Dàokǎi’s refusal of the imperial purple robe was one of the most celebrated acts of monastic-state independence in Chinese Buddhist history, and the Qíyuán zhèng yí articulates the same austere-ascetic programme as manifesto. The text is among the earliest Chinese Buddhist specimens of what might be called “counter-regulatory” monastic literature — setting out a standard of practice more severe than what the mainstream qīngguī 清規 tradition was institutionalising. Died Zhènghé 8.5.14 (11 June 1118), aged 76.
Dating bracket: notBefore 1080 (Dàokǎi’s active teaching period begins after his post-Yìqīng retirement, ca. 1082), notAfter 1118 (his death). Probably late 11th or early 12th century. Catalog dynasty 宋.
Translations and research
- Schlütter, Morten. 2008. How Zen Became Zen. Hawai’i. Extensive treatment of Dàokǎi’s role in the Cáodòng revival and his relationship to imperial patronage.
- 石井修道 1987. 《宋代禪宗史の研究》. Daitō Shuppansha.
- Foulk, T. Griffith. 1999. “Sung Controversies Concerning the ‘Separate Transmission’ of Ch’an.” In Buddhism in the Sung.
Other points of interest
Dàokǎi’s principal dharma-heirs were Dānxiá Zǐchún 丹霞子淳 (1066–1119), the teacher of Hóngzhì Zhèngjué 宏智正覺 (1091–1157). The Cáodòng lineage through Dàokǎi → Zǐchún → Hóngzhì → (subsequently through multiple heirs) → Tiāntóng Rújìng 如淨 → Dōgen is the principal Cáodòng / Sōtō lineage-history that reaches Japanese Zen.

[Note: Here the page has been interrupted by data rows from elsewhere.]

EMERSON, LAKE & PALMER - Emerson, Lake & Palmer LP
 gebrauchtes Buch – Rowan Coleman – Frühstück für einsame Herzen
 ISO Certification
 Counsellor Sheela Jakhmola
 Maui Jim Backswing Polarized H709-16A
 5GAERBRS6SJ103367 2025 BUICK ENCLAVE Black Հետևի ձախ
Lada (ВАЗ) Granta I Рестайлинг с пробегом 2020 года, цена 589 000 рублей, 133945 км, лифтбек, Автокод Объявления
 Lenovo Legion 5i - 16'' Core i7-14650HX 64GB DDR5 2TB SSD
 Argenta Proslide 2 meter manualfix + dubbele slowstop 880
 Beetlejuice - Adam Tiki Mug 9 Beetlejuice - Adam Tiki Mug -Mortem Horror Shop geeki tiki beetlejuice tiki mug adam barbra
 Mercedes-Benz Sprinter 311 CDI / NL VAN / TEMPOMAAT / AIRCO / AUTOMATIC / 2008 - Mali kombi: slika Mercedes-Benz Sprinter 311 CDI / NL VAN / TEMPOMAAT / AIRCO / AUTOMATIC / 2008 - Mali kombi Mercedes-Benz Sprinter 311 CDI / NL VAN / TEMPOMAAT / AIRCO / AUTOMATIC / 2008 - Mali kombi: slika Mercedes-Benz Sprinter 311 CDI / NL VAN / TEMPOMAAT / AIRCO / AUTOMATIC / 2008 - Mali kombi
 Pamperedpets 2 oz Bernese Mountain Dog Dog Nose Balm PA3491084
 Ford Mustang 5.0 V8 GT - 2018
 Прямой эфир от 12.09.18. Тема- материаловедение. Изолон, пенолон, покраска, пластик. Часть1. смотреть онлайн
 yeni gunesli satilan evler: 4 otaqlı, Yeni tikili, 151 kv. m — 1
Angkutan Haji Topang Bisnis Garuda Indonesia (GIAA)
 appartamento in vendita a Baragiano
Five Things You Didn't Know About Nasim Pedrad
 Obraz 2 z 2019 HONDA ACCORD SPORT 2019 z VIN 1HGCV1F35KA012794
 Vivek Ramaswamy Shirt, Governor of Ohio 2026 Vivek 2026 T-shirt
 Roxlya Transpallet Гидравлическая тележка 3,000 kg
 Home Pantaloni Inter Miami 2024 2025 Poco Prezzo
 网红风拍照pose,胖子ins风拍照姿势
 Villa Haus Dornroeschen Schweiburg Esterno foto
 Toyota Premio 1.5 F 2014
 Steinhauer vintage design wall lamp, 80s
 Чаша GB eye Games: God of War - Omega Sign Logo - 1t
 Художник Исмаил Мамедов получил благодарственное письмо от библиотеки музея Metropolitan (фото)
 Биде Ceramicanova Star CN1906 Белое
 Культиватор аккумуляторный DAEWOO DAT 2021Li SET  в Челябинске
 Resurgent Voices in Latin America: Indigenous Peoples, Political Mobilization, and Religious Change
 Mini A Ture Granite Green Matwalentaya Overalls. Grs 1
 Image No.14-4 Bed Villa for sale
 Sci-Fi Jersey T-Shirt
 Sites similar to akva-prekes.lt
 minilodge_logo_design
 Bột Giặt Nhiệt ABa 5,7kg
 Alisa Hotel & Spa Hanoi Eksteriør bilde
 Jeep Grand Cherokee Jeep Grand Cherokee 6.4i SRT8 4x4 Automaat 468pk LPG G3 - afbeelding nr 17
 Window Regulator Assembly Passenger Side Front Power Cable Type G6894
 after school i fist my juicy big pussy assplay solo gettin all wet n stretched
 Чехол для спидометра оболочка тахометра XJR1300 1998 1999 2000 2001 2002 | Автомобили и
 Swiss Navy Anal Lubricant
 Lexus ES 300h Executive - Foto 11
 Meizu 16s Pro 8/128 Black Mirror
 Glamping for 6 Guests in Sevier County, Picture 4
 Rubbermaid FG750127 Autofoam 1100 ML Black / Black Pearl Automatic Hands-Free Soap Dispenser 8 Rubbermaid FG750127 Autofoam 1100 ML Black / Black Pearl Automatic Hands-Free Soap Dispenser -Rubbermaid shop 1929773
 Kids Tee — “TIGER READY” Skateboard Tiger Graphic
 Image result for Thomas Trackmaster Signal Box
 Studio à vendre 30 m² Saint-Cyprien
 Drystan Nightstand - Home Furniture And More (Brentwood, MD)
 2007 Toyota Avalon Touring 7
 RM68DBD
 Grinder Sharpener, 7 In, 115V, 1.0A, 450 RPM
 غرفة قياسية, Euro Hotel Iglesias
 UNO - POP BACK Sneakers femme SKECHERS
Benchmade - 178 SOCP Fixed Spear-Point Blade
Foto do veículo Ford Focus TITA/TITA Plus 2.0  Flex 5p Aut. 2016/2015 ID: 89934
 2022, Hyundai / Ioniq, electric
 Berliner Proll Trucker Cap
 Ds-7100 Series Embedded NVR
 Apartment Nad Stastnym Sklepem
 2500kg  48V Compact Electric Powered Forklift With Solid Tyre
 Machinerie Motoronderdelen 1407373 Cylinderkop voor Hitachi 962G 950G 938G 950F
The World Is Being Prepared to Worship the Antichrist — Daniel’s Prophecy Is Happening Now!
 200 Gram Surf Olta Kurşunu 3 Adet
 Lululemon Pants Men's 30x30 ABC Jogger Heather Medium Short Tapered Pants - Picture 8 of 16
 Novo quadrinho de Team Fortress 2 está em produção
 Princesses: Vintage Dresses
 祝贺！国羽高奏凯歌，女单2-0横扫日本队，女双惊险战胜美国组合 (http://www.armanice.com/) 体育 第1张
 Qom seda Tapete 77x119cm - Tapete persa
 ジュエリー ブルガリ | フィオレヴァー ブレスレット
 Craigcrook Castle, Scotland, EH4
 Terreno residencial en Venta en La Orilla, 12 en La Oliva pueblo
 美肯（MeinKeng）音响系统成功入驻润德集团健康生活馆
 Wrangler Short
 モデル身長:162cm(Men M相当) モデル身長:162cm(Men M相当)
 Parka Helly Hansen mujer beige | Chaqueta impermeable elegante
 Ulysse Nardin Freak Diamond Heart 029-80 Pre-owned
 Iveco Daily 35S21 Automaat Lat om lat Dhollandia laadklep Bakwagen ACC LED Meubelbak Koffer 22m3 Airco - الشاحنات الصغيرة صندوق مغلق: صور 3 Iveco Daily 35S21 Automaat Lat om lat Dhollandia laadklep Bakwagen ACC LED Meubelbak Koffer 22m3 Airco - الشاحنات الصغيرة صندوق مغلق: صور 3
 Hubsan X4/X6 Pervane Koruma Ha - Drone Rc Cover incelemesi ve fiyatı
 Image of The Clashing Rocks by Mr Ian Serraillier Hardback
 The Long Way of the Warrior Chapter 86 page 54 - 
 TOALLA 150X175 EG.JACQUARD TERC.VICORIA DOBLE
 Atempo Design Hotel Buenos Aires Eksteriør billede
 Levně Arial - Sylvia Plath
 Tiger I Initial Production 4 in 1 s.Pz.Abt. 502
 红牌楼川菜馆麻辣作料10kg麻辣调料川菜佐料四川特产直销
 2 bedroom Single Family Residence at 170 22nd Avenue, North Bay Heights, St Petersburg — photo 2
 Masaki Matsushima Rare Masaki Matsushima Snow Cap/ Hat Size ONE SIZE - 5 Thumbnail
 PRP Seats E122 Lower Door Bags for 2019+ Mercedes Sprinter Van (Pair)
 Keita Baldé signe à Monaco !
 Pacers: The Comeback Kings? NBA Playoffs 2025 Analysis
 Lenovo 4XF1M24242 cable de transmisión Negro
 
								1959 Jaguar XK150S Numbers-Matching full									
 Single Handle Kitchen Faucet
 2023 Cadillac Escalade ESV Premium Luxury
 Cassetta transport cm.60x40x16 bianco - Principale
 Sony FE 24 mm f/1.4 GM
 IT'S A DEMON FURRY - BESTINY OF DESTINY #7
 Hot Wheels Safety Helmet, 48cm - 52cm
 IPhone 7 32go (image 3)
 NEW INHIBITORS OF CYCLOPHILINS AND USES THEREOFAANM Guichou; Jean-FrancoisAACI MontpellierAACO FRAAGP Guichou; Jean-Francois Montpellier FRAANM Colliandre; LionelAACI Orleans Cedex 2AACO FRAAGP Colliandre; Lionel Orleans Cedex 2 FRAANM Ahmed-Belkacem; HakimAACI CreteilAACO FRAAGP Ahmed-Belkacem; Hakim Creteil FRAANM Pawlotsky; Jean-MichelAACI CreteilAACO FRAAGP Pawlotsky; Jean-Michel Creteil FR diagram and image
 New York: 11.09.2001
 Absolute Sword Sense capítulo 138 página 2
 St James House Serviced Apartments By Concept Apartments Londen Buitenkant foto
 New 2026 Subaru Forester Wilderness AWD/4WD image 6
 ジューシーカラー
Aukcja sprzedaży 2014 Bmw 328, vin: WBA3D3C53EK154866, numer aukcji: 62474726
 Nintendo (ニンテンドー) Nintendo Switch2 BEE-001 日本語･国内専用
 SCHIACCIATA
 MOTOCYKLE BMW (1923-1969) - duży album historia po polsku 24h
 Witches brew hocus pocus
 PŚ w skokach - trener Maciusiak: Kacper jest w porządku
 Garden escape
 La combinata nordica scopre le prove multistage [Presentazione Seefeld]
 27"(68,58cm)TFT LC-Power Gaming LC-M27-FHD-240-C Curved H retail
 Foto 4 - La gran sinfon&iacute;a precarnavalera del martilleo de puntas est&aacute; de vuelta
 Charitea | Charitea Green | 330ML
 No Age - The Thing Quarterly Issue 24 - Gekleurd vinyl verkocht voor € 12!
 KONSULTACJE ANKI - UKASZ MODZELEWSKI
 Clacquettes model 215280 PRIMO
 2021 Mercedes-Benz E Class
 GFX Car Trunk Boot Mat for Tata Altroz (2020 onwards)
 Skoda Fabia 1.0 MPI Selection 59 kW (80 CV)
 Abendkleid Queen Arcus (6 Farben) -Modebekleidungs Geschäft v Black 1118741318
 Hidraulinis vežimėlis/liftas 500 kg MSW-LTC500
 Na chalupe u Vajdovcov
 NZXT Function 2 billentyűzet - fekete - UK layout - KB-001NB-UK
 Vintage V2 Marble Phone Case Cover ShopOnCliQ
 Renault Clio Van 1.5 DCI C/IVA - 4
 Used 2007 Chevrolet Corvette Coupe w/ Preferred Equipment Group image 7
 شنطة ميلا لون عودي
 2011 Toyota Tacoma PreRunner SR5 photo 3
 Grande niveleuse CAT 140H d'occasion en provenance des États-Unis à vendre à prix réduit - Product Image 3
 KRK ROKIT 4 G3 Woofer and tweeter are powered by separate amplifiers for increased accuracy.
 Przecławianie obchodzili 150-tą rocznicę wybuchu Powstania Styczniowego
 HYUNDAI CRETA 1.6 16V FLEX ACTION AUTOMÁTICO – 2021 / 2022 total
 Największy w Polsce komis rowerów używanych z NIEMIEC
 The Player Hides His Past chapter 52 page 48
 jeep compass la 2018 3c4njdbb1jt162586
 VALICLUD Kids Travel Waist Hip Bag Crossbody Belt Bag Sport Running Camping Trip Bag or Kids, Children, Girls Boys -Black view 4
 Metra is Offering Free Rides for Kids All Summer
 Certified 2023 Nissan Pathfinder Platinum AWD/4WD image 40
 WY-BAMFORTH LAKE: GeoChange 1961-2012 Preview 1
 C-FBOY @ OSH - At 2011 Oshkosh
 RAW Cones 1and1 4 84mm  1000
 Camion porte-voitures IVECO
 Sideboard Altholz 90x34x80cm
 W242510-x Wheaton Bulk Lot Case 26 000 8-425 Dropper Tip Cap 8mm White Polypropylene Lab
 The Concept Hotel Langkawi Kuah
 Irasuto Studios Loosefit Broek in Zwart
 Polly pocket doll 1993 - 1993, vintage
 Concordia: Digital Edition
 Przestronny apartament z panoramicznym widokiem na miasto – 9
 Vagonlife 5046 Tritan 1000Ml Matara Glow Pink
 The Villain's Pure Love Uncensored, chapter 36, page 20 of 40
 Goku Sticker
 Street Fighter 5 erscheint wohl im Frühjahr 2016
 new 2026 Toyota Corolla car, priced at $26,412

The Qíyuán zhèng yí’s austere programme of monastic self-sufficiency anticipates the later Japanese Sōtō monastic regulations tradition (particularly the Keizan-school 瑩山 formulations of the late Kamakura and Muromachi periods), where similar anti-patronage / anti-donative positions are developed systematically.